Before diving into the answers, ensure you understand these critical concepts:

• Center of Dilation: The point from which the dilation occurs. All points are scaled relative to this center.
• Scale Factor (k): The ratio of the distance from the center to a point on the dilated image to the distance from the center to the corresponding point on the original image.
• Coordinate Rule for Dilations: If the center of dilation is the origin (0,0), the rule is simple: (x, y) → (kx, ky). If the center is not the origin, the process is slightly more complex, often involving translating the figure to the origin, performing the dilation, and then translating back.

Sample Problems and Solutions (Adapt to your specific homework problems)

Let's assume your homework includes problems like these. Remember to replace these with your actual problems.
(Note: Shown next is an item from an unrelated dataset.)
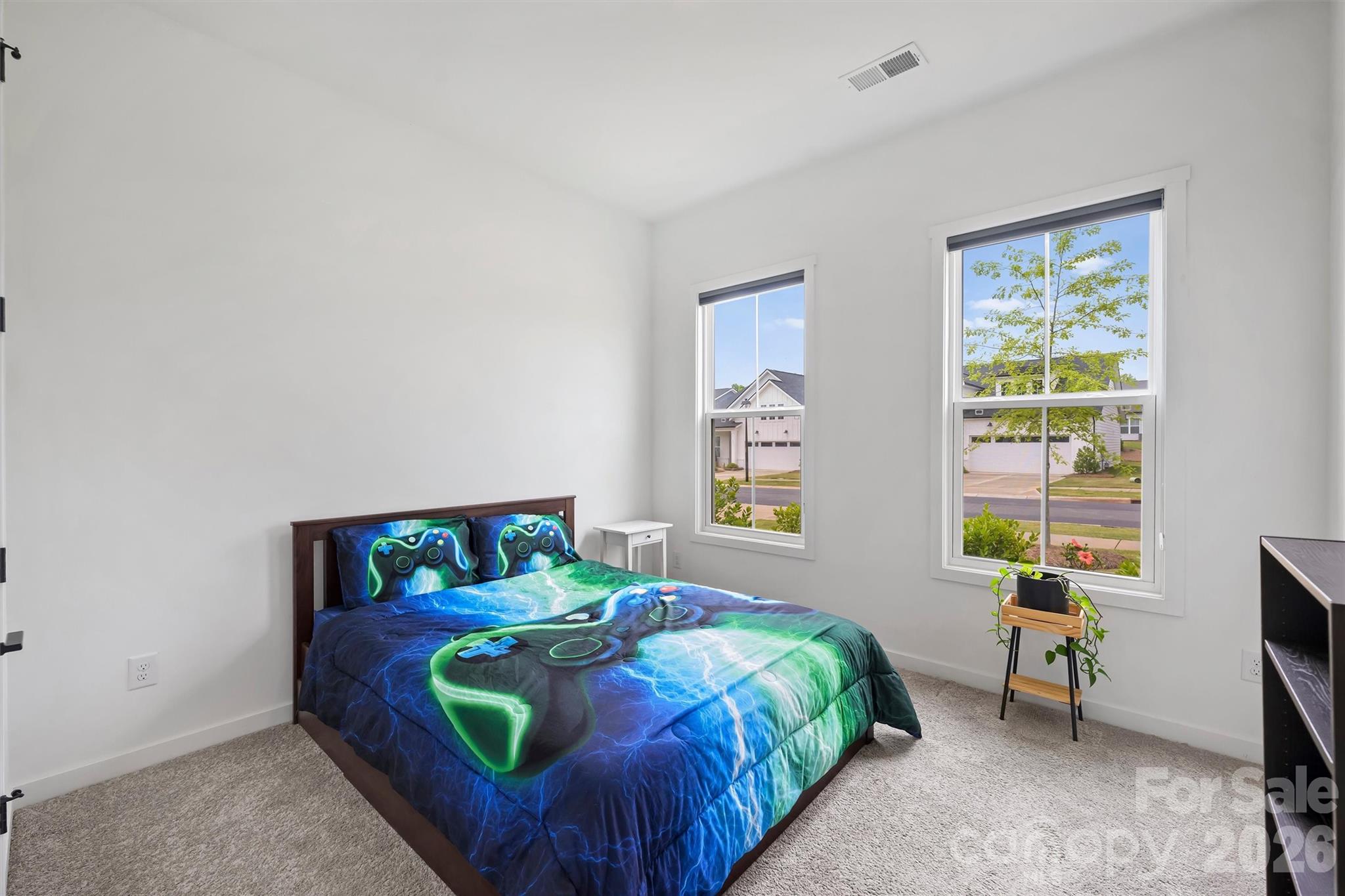 8044 Brookbank Drive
Problem 1: Dilate triangle ABC with vertices A(2, 4), B(6, 2), and C(4, 0) by a scale factor of 2, using the origin as the center of dilation. Find the coordinates of the dilated triangle A'B'C'.

Solution 1:

Using the coordinate rule (x, y) → (2x, 2y), we get:

• A(2, 4) → A'(4, 8)
• B(6, 2) → B'(12, 4)
• C(4, 0) → C'(8, 0)

Therefore, the vertices of the dilated triangle A'B'C' are A'(4, 8), B'(12, 4), and C'(8, 0).

Problem 2: A square with vertices (1,1), (3,1), (3,3), and (1,3) is dilated using the origin as the center with a scale factor of 1/2. Find the coordinates of the image.

Solution 2:

Applying the coordinate rule (x,y) → (x/2, y/2):

• (1,1) → (1/2, 1/2)
• (3,1) → (3/2, 1/2)
• (3,3) → (3/2, 3/2)
• (1,3) → (1/2, 3/2)

Problem 3 (More Complex): Dilate the rectangle with vertices P(1,2), Q(4,2), R(4,5), S(1,5) using the point (2,1) as the center of dilation with a scale factor of 3.
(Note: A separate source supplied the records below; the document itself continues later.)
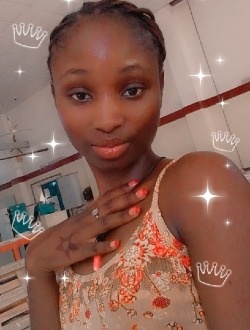 Photo du profil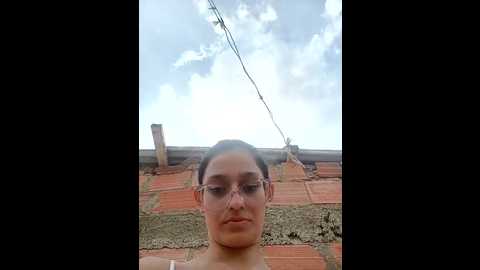 ary_18 @ stripchat on 20240927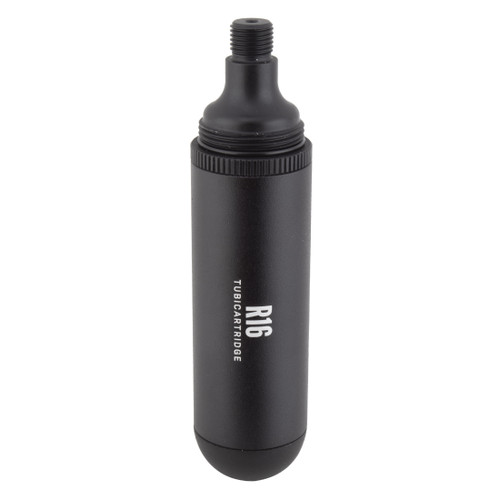 Topeak Tubi Cartridge R16 Tubeless Tire Repair Kit Plugs TUB-CRD
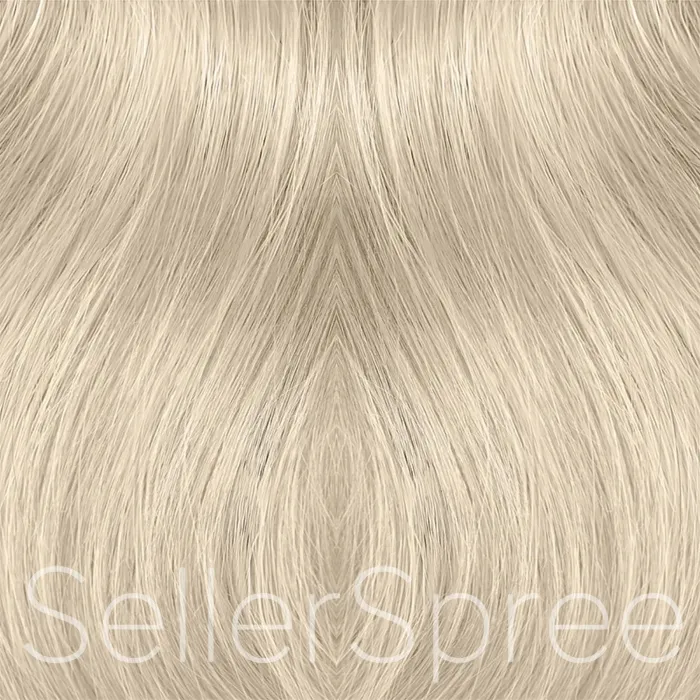 Paul Mitchell The Demi 10BV 10/08 Demi-Permanent Hair Color 2 Ounce 60 Milliliters | SellerSpree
Solution 3: This requires a more involved process:

1. Translate: Shift the rectangle so that the center of dilation is at the origin. Subtract (2,1) from each coordinate:

   • P'( -1, 1)
   • Q'(2, 1)
   • R'(2, 4)
   • S'(-1, 4)

2. Dilate: Apply the dilation with a scale factor of 3:

   • P''(-3, 3)
   • Q''(6, 3)
   • R''(6, 12)
   • S''(-3, 12)

3. Translate Back: Add (2,1) to each coordinate to return the rectangle to its original position:

   • P'''(-1, 4)
   • Q'''(8, 4)
   • R'''(8, 13)
   • S'''(-1, 13)

Tips for Success

• Draw diagrams: Visualizing the transformation makes it easier to understand.
• Check your work: Make sure your calculations are accurate.
• Practice: The more problems you solve, the better you'll understand dilations.

This guide provides a framework for approaching your dilation homework. Remember to adapt the examples and solutions to your specific problems. Good luck!